Toutefois, des correspondances entre l’épisode de l’occupation américaine d’Haïti et la situation actuelle en Haïti sont malheureusement trop peu abordées. Certains textes du livre effleurent l’idée en faisant référence à la Mission des Nations Unies pour la stabilisation en Haïti (Minustah), mais avec trop peu d’emphase. Par ailleurs, il aurait été profitable que soit présenté l’héritage, s’il en est un, de l’insoumission lors de l’occupation américaine. En effet, l’insoumission dont on traite dans l’ensemble des articles (quoique suggérant une portée dépassant l’épisode de l’occupation tel que mentionné plus haut) est circonscrite dans un cadre historique bien délimité. Il aurait été intéressant que des ponts soient faits avec l’expression de l’insoumission d’aujourd’hui. Il va sans dire que ces manques laissent le lecteur sur sa faim. Néanmoins, en dépit de ces « absences », le corpus d’articles choisis, grâce à son originalité et à son fil conducteur, ouvre la porte à de nouvelles investigations sur la question.

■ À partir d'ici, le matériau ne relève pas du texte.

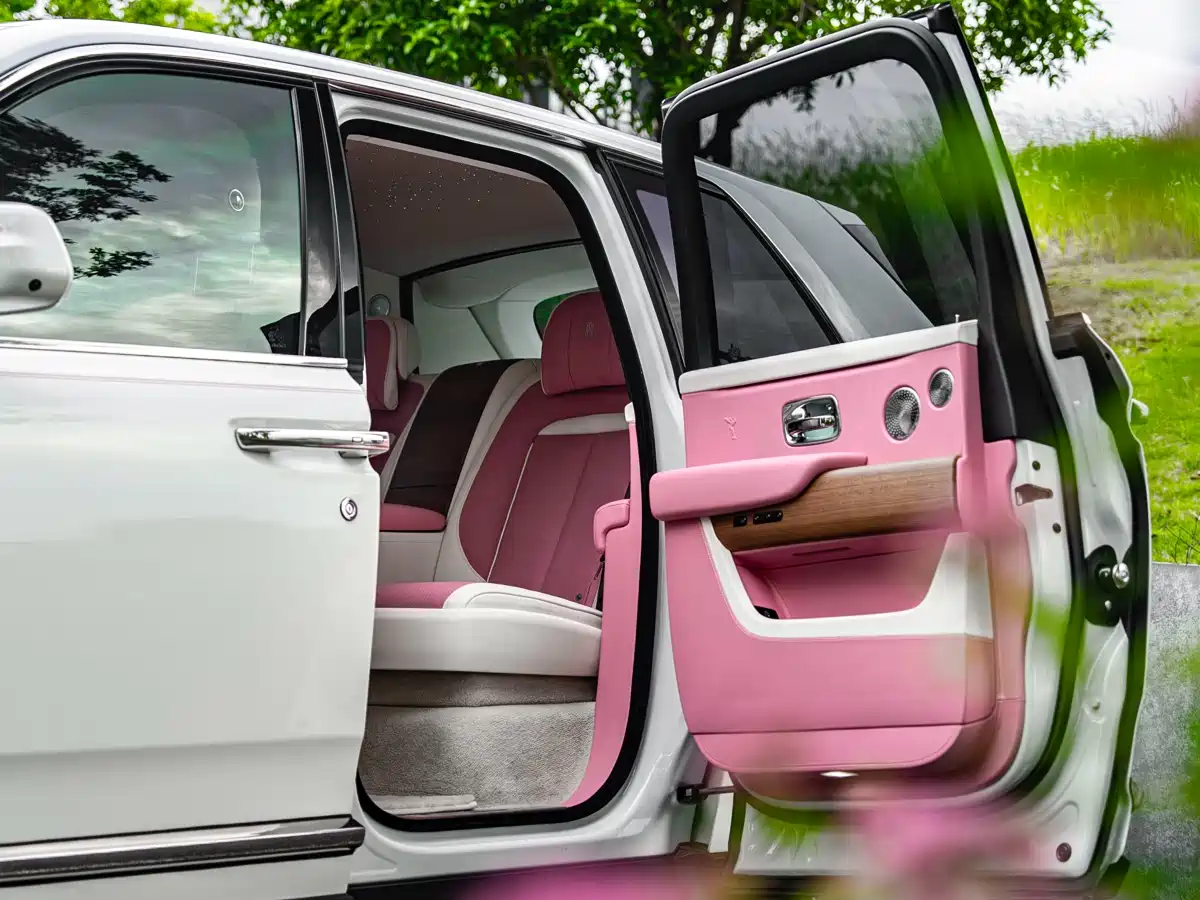 ROLLS-ROYCE CULLINAN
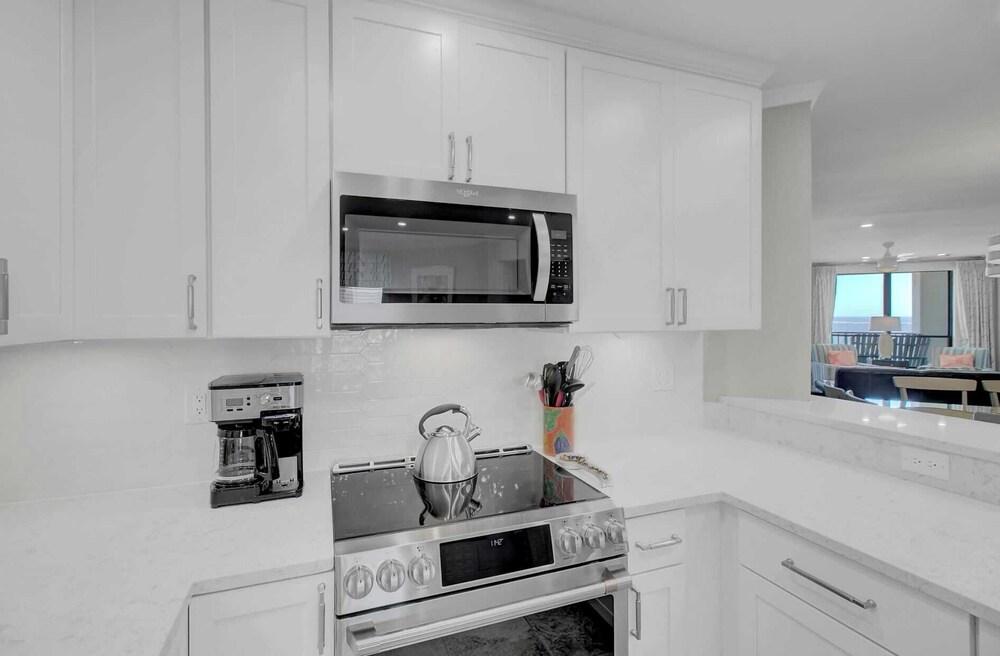 502 Summerhouse by Avantstay Ocean Front Condo w/ Community Pool Access Interior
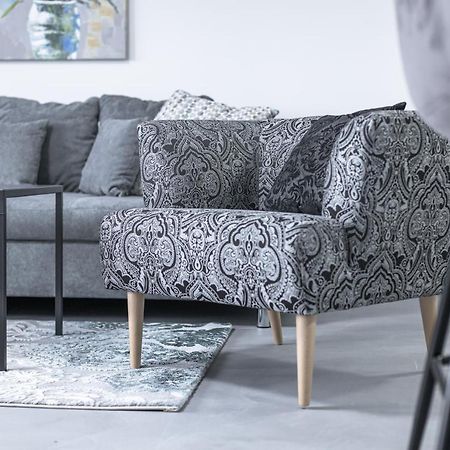 Exklusive Neubau-Ferienwohnung Mit Fernsicht 콘스탄츠 외부 사진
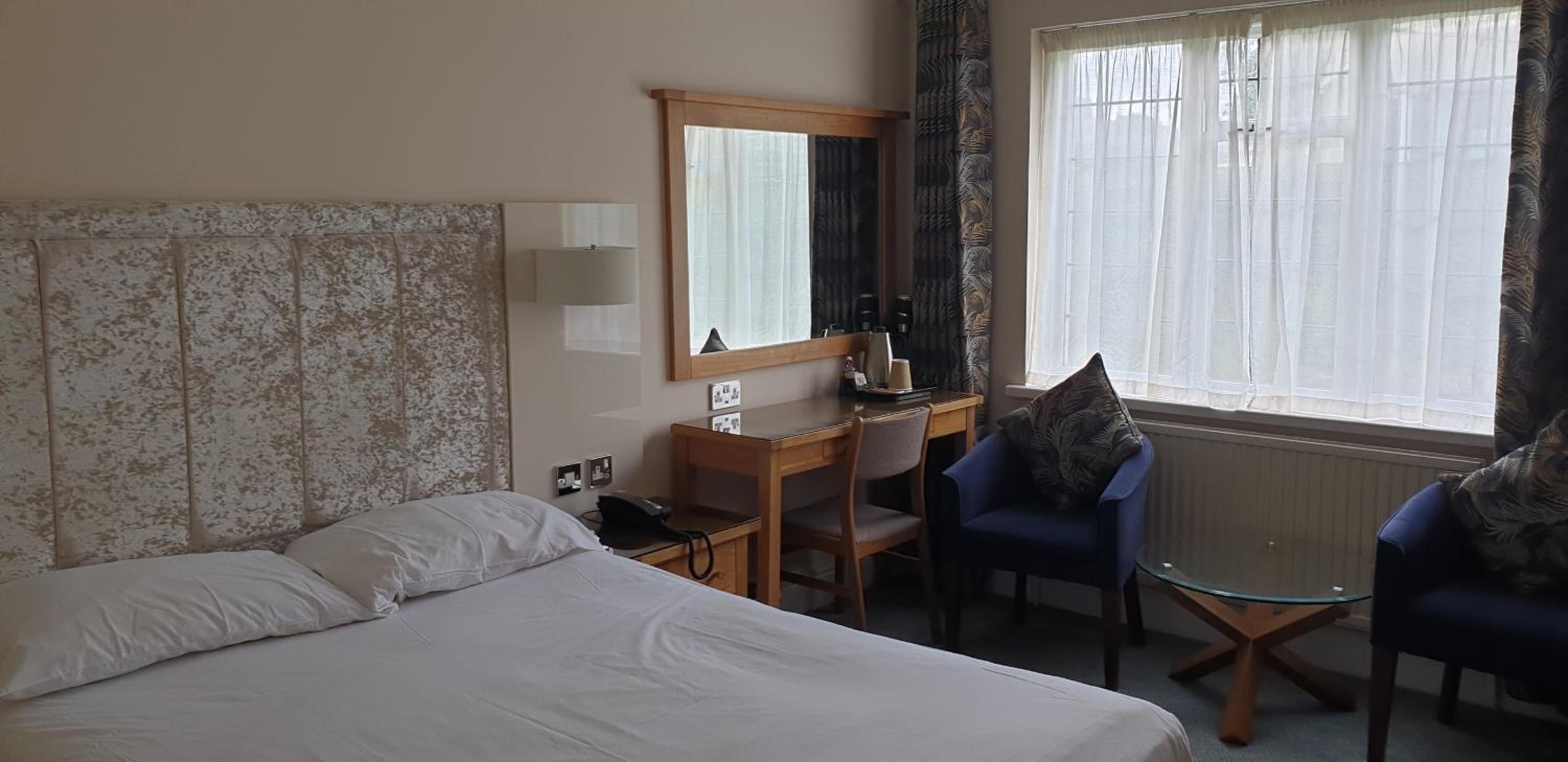 Standard Double Room - Photo 10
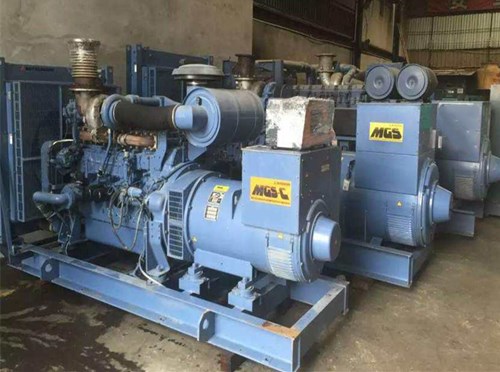 石屏柴油发电机如何测试电流大小？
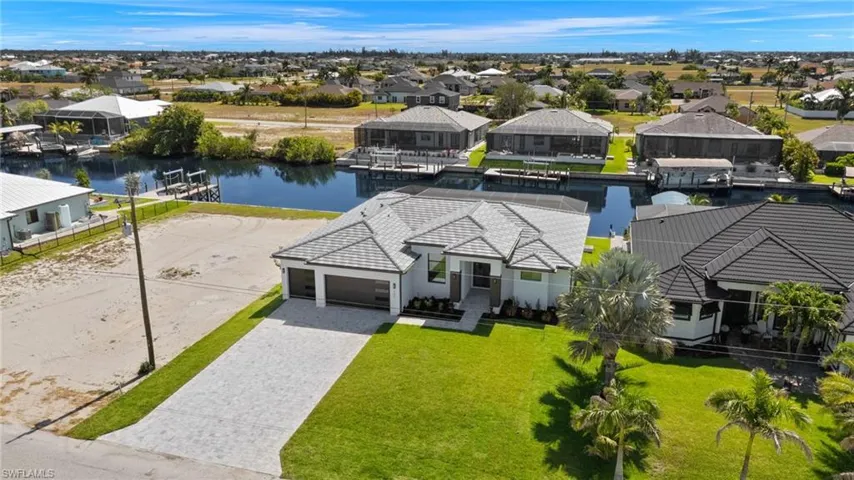 707 Nw 38th Ave, Cape Coral, Florida 33993
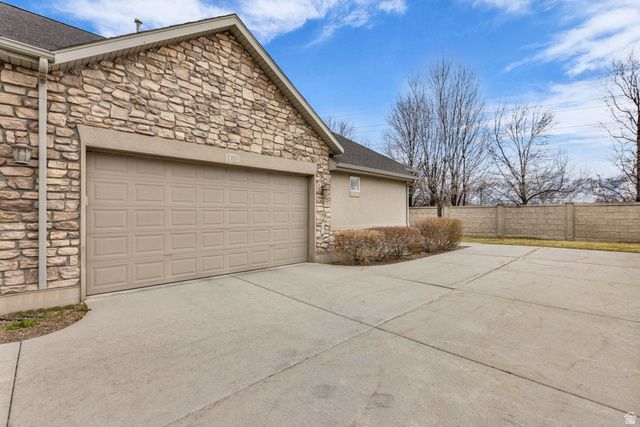 10819 S WYNVIEW LN, South Jordan, UT 84095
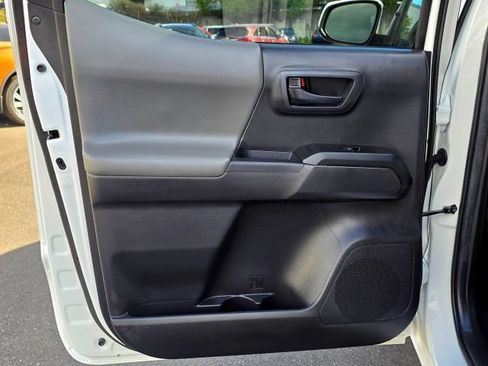 Used 2023 Toyota Tacoma SR AWD/4WD image 42
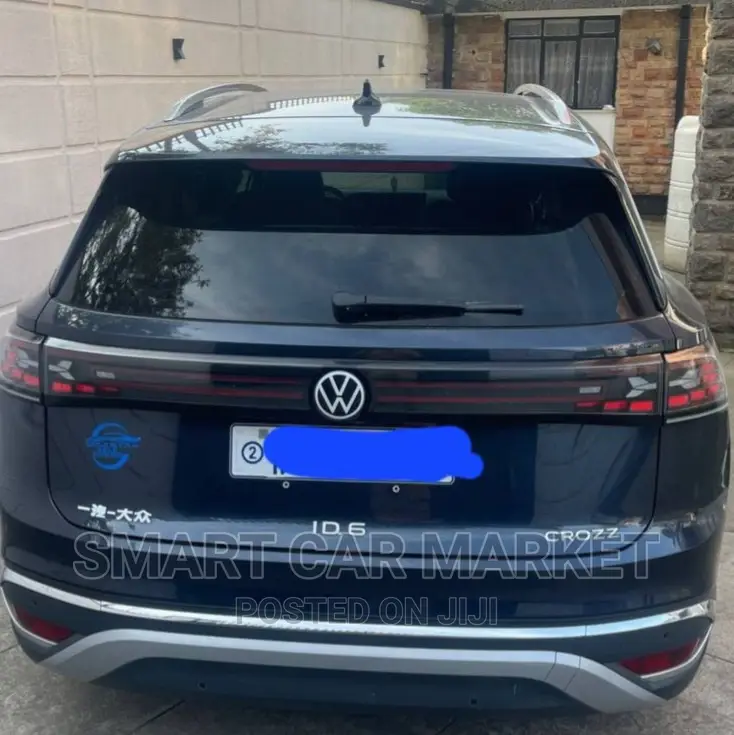 Volkswagen ID.6 2022 Blue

Le « devoir d’insoumission » démontre, comme le souligne à juste titre Roberson Édouard, que la victoire la plus difficile à atteindre est celle que l’on remporte sur soi-même. Malgré les vicissitudes auxquelles Haïti fit face avant et pendant l’occupation américaine, les diverses expressions d’insoumission lors de l’occupation auront laissé croître de premiers germes de victoires sur « soi-même », offrant à l’avenir sa part fragile d’espoir.